What you will do → Retype each of the records below exactly, leaving the pictures out.

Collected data
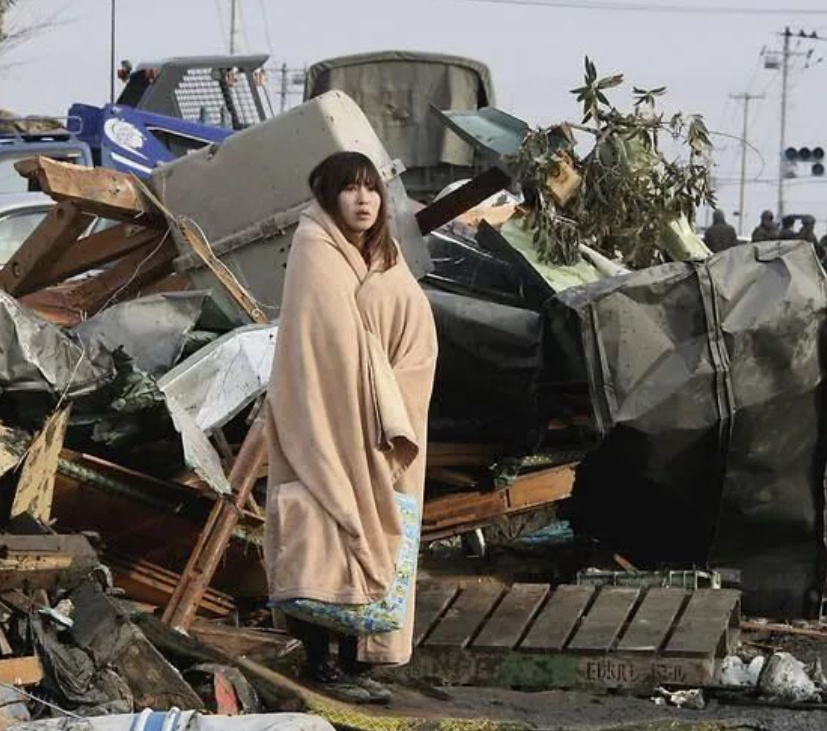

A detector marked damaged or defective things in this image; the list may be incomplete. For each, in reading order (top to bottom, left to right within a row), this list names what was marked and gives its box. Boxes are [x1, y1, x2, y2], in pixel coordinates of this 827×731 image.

broken wooden plank [15, 154, 163, 223]
broken wooden plank [420, 167, 512, 236]
broken wooden plank [0, 202, 94, 296]
broken wooden plank [21, 223, 163, 294]
broken wooden plank [11, 408, 71, 524]
broken wooden plank [0, 656, 43, 688]
broken wooden plank [412, 584, 460, 648]
broken wooden plank [424, 588, 502, 648]
broken wooden plank [472, 584, 548, 652]
broken wooden plank [520, 584, 600, 652]
splintered wood [410, 584, 740, 692]
broken wooden plank [568, 588, 644, 652]
broken wooden plank [616, 588, 688, 656]
broken wooden plank [664, 592, 740, 660]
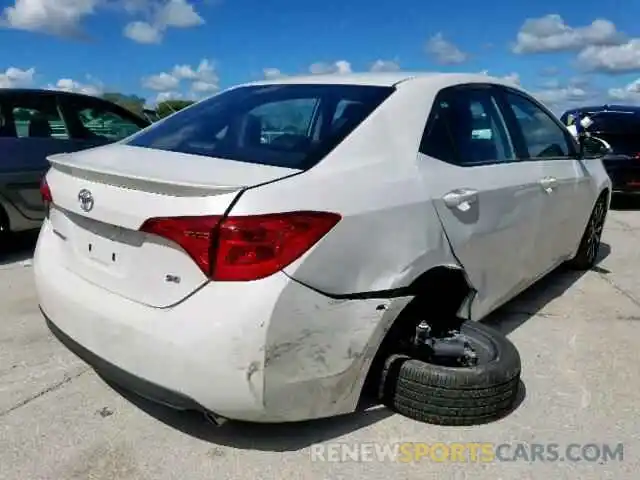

Written solution →
A detector marked damaged or defective things in this image; the list may be incomplete. For each, in reading order (top to bottom, left to right within a row), this list names what was marked and gives its box. Boxes are [x1, y1, x2, y2], in pixel coordinates of this 827×731 image.

broken wooden plank [15, 154, 163, 223]
broken wooden plank [420, 167, 512, 236]
broken wooden plank [0, 202, 94, 296]
broken wooden plank [21, 223, 163, 294]
broken wooden plank [11, 408, 71, 524]
broken wooden plank [0, 656, 43, 688]
broken wooden plank [412, 584, 460, 648]
broken wooden plank [424, 588, 502, 648]
broken wooden plank [472, 584, 548, 652]
broken wooden plank [520, 584, 600, 652]
splintered wood [410, 584, 740, 692]
broken wooden plank [568, 588, 644, 652]
broken wooden plank [616, 588, 688, 656]
broken wooden plank [664, 592, 740, 660]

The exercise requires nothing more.